Cheguei à festa, de trem, levado por terceiros. Penetra. Estava bonitão que só. Do tipo poeta comedor, embora sem nenhum verso. Bata, calça brim bacana, tamanco de couro cru. Uns penduricalhos no pescoço, outros nas mãos. Um sucesso, alimentado pelos cabelos vastos e lisos, levemente revoltos. Tinha tudo para dar certo, pegar uma carente, namoricar, coisa boa namoricar. Qual o quê. Sai de lá pior que cão vadio. Escorraçado. Tudo por conta de um bife no meio do pão.
Voltemos ao cenário da festa, da qual, ainda que involuntariamente, fui o grande protagonista. A mãe do aniversariante desfilava pelo salão. Aceitava o chope no copo plástico. E rejeitava a maçaroca que se fingia de bife no pão. Até que não deu mais. Muito a contragosto, para não fazer desfeita, este pobre diabo aceitou o sanduíche. De nervos.
Não demorei a perceber o tamanho do problema. Ou melhor: eu não tinha noção alguma da encrenca que estava por vir. Dei a primeira dentada. Peguei a parte mais sólida do nervo. Dei outra. Fui avançando com os dentes de tal forma que, quando me dei conta, estava com uns trezentos e cinquenta gramas de nervos na boca. Pensei comigo mesmo: o jeito é mascar, mascar, mascar. Masquei o que pude. A dor insuportável nas mandíbulas me levou ao salto mortal: resolvi engolir o feixe de nervos. Depois tomo um laxante, pensei. Engasguei. O ar começou a sumir. O bife não ia nem vinha. O pãozinho virou filão, sem recheio. O chope fremia no copo de plástico. O banheiro fechado. Não havia nada por perto onde pudesse repousar a então bisnaga e o copo de chope sem chope. Como enfiar os dedos nas amídalas e trazer à luz o bife malsão?

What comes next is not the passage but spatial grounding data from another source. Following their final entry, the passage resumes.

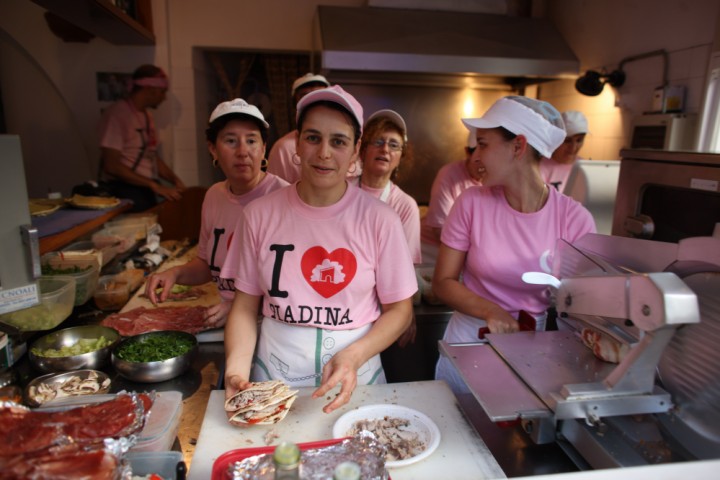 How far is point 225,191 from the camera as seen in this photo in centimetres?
214

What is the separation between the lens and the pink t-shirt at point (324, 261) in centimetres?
151

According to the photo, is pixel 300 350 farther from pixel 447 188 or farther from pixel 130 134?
pixel 130 134

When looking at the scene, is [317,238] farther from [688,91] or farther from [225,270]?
[688,91]

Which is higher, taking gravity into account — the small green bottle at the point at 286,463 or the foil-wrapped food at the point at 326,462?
the small green bottle at the point at 286,463

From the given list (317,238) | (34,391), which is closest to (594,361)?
(317,238)

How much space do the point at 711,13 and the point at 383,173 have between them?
7.32 ft

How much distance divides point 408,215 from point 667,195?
4.20 feet

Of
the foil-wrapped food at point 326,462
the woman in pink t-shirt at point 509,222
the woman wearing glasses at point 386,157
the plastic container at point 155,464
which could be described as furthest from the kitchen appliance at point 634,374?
the woman wearing glasses at point 386,157

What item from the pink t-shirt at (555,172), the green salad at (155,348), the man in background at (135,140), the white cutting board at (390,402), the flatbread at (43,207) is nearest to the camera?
the white cutting board at (390,402)

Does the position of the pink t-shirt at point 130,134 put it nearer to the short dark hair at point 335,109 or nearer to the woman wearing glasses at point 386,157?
the woman wearing glasses at point 386,157

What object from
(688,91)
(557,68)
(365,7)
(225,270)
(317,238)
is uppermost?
(365,7)

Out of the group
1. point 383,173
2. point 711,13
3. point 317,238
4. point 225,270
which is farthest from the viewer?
point 711,13

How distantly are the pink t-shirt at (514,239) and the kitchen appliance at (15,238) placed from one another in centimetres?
143

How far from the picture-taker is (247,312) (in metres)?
1.57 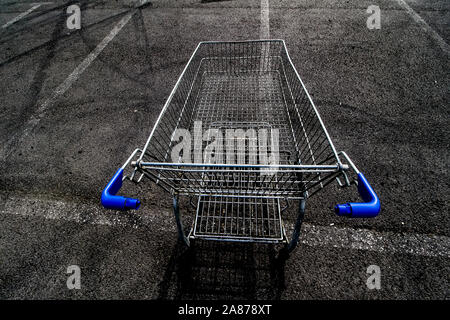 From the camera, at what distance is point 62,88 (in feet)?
13.2

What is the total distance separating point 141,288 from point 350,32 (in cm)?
552

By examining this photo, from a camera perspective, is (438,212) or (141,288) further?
(438,212)

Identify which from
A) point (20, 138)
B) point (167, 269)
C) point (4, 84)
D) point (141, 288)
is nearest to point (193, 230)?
point (167, 269)

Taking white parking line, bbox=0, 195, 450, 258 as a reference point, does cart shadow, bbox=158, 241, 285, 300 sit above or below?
below

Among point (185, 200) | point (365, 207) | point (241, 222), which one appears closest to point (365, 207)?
point (365, 207)

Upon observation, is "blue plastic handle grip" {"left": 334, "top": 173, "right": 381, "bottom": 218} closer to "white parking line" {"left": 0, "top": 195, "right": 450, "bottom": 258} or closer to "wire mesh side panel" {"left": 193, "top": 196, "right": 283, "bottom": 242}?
"wire mesh side panel" {"left": 193, "top": 196, "right": 283, "bottom": 242}

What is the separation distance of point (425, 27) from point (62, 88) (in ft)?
22.4

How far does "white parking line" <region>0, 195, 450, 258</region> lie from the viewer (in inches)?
81.7

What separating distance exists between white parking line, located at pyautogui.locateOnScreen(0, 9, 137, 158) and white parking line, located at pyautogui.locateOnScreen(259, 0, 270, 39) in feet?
10.5

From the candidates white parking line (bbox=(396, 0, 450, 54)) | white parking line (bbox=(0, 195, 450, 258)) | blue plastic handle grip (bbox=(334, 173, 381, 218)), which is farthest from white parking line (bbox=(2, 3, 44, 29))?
white parking line (bbox=(396, 0, 450, 54))

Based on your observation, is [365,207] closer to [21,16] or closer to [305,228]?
[305,228] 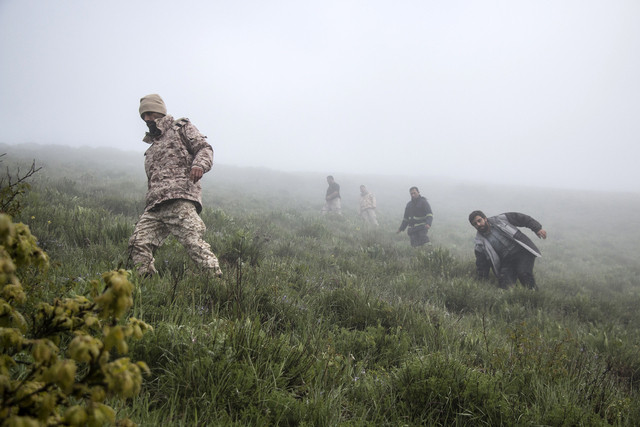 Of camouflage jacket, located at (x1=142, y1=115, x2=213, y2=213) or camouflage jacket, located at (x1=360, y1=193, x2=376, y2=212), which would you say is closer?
camouflage jacket, located at (x1=142, y1=115, x2=213, y2=213)

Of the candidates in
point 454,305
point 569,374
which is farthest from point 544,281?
point 569,374

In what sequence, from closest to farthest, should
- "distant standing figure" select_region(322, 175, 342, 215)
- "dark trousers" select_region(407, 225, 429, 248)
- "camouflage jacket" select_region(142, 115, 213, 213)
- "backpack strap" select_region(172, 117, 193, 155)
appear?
"camouflage jacket" select_region(142, 115, 213, 213)
"backpack strap" select_region(172, 117, 193, 155)
"dark trousers" select_region(407, 225, 429, 248)
"distant standing figure" select_region(322, 175, 342, 215)

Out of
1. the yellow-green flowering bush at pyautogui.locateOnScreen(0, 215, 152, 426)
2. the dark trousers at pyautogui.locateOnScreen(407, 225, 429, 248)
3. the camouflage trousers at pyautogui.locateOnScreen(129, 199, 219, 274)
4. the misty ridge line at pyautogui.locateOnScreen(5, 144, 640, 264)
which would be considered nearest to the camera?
the yellow-green flowering bush at pyautogui.locateOnScreen(0, 215, 152, 426)

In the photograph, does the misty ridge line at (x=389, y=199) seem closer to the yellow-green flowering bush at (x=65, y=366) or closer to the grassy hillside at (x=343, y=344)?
the grassy hillside at (x=343, y=344)

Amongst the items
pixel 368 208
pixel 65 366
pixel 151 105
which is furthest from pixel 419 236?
pixel 65 366

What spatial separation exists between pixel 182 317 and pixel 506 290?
19.1 feet

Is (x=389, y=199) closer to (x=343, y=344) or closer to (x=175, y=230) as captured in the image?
(x=175, y=230)

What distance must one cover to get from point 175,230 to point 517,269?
658 cm


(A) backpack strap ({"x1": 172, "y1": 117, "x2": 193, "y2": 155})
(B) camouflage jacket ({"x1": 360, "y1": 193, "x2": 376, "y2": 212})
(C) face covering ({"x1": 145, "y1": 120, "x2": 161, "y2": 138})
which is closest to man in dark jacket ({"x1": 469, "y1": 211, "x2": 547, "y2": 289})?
(A) backpack strap ({"x1": 172, "y1": 117, "x2": 193, "y2": 155})

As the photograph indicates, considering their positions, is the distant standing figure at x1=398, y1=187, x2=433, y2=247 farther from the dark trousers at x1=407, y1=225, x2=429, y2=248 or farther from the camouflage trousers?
the camouflage trousers

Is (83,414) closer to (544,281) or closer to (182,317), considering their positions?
(182,317)

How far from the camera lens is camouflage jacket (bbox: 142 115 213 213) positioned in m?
4.04

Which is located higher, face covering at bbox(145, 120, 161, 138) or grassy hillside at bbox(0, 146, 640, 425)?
face covering at bbox(145, 120, 161, 138)

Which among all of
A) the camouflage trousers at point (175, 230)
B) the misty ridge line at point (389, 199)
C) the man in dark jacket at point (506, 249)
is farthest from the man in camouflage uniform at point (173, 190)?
the man in dark jacket at point (506, 249) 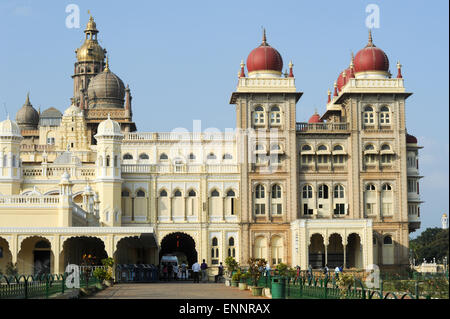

A necessidade se impôs. Trôpego, à beira da morte, fui à varanda. Fiz força. O feixe de nervos atravessou a rua, acompanhado de um berro medonho. Da cena patética, só me lembro de uma frase proferida pela mais bonitinha da festa:
-- Nosso, que porco! Ele está vomitando!
Naquele dia não teve namorico. Até hoje, lamento não ter assassinado a velha. De lá pra cá, juro, nunca mais comi churrasco no pão.